We can't help ourselves.
We need it.
So we give it a look see.
Just to laugh, and to feel better about ourselves.
We should eat the broccoli and kale, but we love junk.
The Dallas Cowboys are the ultimate guilty pleasure of Twinkies on top of a chocolate cake with a drizzle of beer, a side of curly fries and a chaser of lemon bars that are dipped in caramel.
Jerry Jones' latest embarrassing headline this time involves not an employee allegedly looking at the Dallas Cowboys cheerleaders, but allegations that he fathered a child who now wants back into her dad's wallet.
Nothing in the lawsuit is good, neither for the plaintiff nor the defendant.
Even less of it is surprising.
It's on brand.
It's the type of salacious story line that made Jerry Springer's daytime talk show of unbelievable trash internationally famous.
It's the type of story that makes the Dallas Cowboys America's Team.
They don't win Super Bowls, or playoff games.
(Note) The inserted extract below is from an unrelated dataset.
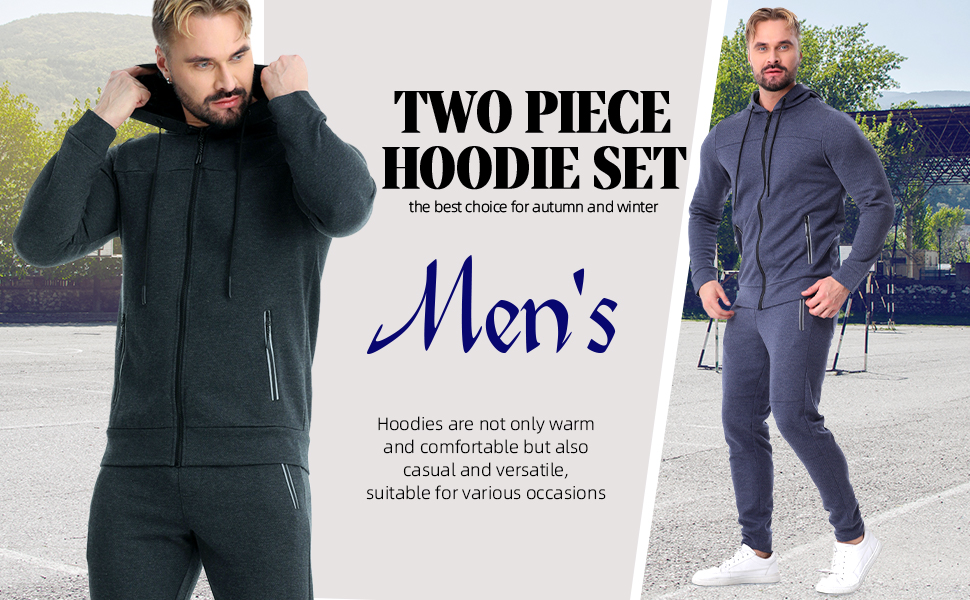 Mens 2 Piece Tracksuit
Instead, they have replaced postseason wins with a collection tawdry tales more appropriate for the TV soap opera Dallas than the Dallas Cowboys.
From a value standpoint, there is no difference.
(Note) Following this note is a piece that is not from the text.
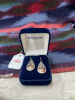 Montana silver teardrop earrings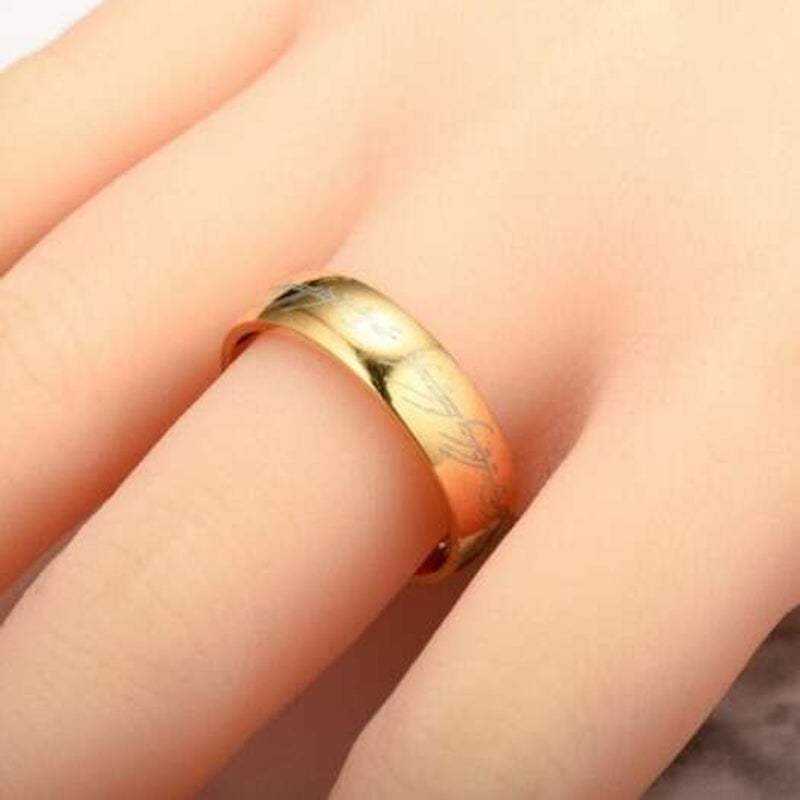 Veile Studios Fashion The Lord Of Rings For Men 18K Gold Plating Stainless Steel Jewelry Us 13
No one on the planet grasps the relationship between relevancy and revenue quite like Jerry Jones, and while even this latest headline will cost him, it will ultimately help the Dallas Cowboys' bottom line.
Without being located in New York City or Los Angeles, the Dallas Cowboys are the most valuable franchise in North American sports, as valued by Forbes.
They are because of headlines just like these.
These types of TMZ stories, however ugly, are currency because the market for these headlines is so big.
It made Jerry Springer a very rich man.
They are embarrassing, and quite often pathetic.
As my 82-year-old mother once instructed me during a bad day, "Son, no one ever died of embarrassment."
Doesn't mean it's fun.
Given the level of wealth Jerry has amassed over the years, his is an existence most of us in the proletariat class cannot fathom.
Just as we cannot imagine having that much money to buy a 45,000-foot yacht (size approximate), we can't conceive being a target of a potential lawsuit every morning we wake up.
This is Jerry's life, and he deserves not a shred of pity. He's earned where he is today. Good and bad.
He is a 79-year-old man who is keenly aware of his mortality. He's watching friends die now, and he knows the value of every single day.
His family will love and revere him regardless of the accuracy of this lawsuit, or ultimately whatever comes from it.
Even if this lawsuit is dismissed, and the claims are proven untrue, to the public it will just be one more crazy Jerry story that we have come to expect over the last 30 years.
They are personal, have nothing to do with the Dallas Cowboys football team, but help the Dallas Cowboys' bottom line.
It's just more Dallas Cowboys' junk that we can't help but consume, and ultimately why they remain America's Team.